WHAT IS BEING ASKED ::
From the first line of the records through the line containing "Diego Dalla Palma maskara Novo", retype every line exactly and nothing else.

Entries taken from a collection ::

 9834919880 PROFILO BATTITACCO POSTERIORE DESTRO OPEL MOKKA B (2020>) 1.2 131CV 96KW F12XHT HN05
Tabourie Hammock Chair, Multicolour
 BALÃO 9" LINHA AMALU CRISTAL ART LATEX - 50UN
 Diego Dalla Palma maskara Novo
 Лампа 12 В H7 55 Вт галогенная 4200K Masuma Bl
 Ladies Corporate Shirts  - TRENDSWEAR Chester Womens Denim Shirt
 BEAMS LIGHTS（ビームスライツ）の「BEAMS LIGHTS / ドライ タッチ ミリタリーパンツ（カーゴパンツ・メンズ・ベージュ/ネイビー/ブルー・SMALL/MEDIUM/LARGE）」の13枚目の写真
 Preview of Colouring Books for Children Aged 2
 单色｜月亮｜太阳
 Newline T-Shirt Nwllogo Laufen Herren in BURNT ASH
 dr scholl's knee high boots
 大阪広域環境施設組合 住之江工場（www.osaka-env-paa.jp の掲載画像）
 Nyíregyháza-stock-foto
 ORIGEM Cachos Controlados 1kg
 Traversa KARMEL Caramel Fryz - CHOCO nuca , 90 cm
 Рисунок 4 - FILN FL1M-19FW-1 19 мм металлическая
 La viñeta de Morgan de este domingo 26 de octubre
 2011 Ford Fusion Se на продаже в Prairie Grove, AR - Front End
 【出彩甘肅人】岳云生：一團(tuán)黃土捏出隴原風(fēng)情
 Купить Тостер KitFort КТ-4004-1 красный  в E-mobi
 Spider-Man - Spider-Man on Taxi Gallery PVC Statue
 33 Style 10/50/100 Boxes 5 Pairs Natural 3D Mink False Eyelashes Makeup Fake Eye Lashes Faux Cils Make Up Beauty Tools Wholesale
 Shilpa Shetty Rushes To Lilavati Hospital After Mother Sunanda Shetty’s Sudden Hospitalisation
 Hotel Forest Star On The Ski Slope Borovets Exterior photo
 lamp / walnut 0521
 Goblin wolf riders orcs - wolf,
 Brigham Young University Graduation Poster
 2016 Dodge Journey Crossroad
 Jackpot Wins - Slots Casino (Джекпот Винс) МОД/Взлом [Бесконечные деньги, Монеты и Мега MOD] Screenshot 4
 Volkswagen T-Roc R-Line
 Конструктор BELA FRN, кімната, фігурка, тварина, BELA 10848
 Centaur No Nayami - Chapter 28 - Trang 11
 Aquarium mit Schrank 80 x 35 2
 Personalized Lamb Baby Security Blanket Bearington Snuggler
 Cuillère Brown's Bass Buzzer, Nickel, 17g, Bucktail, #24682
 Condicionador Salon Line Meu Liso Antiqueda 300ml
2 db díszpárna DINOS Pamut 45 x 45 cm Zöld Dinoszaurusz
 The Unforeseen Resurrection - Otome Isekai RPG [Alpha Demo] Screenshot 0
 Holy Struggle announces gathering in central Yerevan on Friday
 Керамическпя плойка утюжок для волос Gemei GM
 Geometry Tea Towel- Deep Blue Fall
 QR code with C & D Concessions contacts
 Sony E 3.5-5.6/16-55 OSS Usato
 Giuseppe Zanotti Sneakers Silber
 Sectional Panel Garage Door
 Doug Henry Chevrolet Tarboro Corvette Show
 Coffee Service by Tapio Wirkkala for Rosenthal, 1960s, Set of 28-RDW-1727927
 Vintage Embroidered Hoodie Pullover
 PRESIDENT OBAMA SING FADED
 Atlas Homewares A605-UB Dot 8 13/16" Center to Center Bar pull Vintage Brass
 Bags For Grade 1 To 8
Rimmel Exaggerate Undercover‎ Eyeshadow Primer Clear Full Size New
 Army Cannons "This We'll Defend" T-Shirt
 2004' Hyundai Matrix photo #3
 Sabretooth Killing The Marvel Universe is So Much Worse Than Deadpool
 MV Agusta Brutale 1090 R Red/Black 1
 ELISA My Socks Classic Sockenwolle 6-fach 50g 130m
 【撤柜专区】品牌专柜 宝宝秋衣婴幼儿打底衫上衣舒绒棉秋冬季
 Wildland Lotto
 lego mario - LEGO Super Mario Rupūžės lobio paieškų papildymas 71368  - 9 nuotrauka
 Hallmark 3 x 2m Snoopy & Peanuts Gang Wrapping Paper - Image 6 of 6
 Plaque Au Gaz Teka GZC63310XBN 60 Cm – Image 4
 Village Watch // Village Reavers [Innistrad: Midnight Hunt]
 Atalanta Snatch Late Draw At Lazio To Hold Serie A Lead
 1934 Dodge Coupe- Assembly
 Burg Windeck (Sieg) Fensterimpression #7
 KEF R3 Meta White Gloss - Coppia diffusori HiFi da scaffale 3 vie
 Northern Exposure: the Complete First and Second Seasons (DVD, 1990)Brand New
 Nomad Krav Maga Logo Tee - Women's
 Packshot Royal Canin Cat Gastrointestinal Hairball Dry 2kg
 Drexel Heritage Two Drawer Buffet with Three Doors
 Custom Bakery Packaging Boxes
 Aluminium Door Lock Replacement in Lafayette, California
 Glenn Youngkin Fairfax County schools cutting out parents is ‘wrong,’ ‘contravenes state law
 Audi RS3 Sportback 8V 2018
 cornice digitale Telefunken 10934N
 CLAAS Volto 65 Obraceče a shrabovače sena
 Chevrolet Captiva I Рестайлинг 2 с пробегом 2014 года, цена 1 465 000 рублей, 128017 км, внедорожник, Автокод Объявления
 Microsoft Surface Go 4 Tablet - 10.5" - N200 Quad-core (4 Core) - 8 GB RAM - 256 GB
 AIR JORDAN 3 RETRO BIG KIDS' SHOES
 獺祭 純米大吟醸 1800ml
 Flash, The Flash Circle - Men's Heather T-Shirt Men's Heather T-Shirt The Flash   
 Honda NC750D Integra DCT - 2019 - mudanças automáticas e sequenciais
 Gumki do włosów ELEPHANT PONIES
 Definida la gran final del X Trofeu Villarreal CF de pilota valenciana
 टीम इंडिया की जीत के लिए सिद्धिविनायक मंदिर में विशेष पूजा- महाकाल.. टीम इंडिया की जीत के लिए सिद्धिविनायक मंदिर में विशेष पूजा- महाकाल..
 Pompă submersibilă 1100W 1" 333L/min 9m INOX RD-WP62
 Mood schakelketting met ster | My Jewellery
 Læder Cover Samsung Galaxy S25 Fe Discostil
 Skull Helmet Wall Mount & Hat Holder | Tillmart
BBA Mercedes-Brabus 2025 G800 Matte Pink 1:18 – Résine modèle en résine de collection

REPLY ::
 9834919880 PROFILO BATTITACCO POSTERIORE DESTRO OPEL MOKKA B (2020>) 1.2 131CV 96KW F12XHT HN05
Tabourie Hammock Chair, Multicolour
 BALÃO 9" LINHA AMALU CRISTAL ART LATEX - 50UN
 Diego Dalla Palma maskara Novo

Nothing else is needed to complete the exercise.